Los alcaldes han llegado a Bruselas con la vara en alto, pregonando su distinción, su albedrío, su ser específico e inmaterial, de modo que Bruselas, con ser Bruselas, quizá se halle en trance de rendirse a esta hueste rural y ceremoniosa, que nos ha recordado, inevitablemente, no a la tropa feroz del duque de Alba, cuyo espectro aún vaga por el imaginario infantil de aquellas tierras, sino a aquella España dura y circunfleja, aquella España de interior, solanesca, enhiesta, rebañiega, que veíamos, no sin incredulidad, en las viejas películas de Paco Martínez Soria, y que llegaba a la capital, que asomaba al asfalto de vez en cuando, para dar fe de vida y reclamar lo suyo.

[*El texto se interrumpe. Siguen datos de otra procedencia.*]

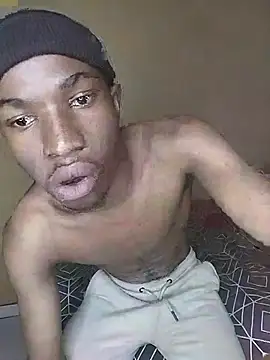 Breezyvikky webcam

Entonces era la meseta contra el litoral, el páramo contra la vega, pero siempre había un agravio, un matiz, una lejana mancilla que sustentaba el odio de hogaño y la crueldad de ayer, renovada con cada generación y cada leva. Si uno se alegra de que la UE exista, si uno celebra la inhóspita grisalla de Bruselas, es precisamente porque aquella entraña mineral de los pueblos, aquella ferocidad neolítica que aún arrastramos y que nos empalidece el rostro ante la tribu adversa, viene filtrada y sojuzgada por un funcionariado distante, trasnacional y esquivo. La gran derrota de Puigdemont y los suyos, vale decir, de un ex president a la fuga y de ese doble centenar de munícipes que trae su hecho diferencial bajo la chaqueta es que muestran a lo vivo la necesidad y la urgencia de la UE. O dicho a la inversa, este breve desfile identitario, prestigiado de varas municipales, es el recordatorio de por qué existe la Unión Europea y contra quiénes, contra qué, se estatuyó su formidable trama legislativa.

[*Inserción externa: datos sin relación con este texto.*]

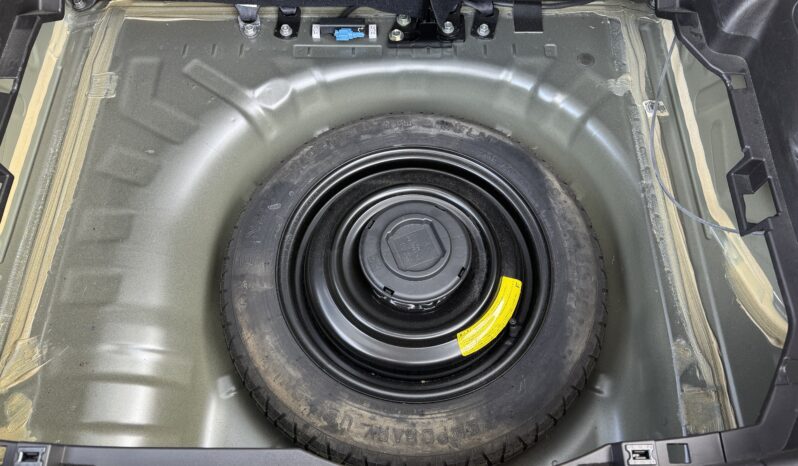 
2012 Nissan Juke full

Ya hay quien ha recordado, contra la alusión al franquismo de algún dignatario belga, la monstruosa ejecutoria de Leopoldo II en el Congo (quienes recuerden El corazón de las tinieblas de Joseph Conrad ya saben a qué hechos nos referimos). Y sin embargo, el proyecto europeo nace de una precisa exigencia, que es también su única condición de posibilidad: la exigencia de orillar un pasado lleno de hostilidades como único medio de conquistar un futuro. Si esto no se da, si no eludimos la ominosa fascinación del particularismo, lo que le espera a Europa es parecerse a la propia Bélgica, escindida en dos mitades enemigas, o convertirse en la Bruselas de ayer, copada por lugareños tonantes, cada uno con su vara, y diciendo su "flor nueva de romances viejos".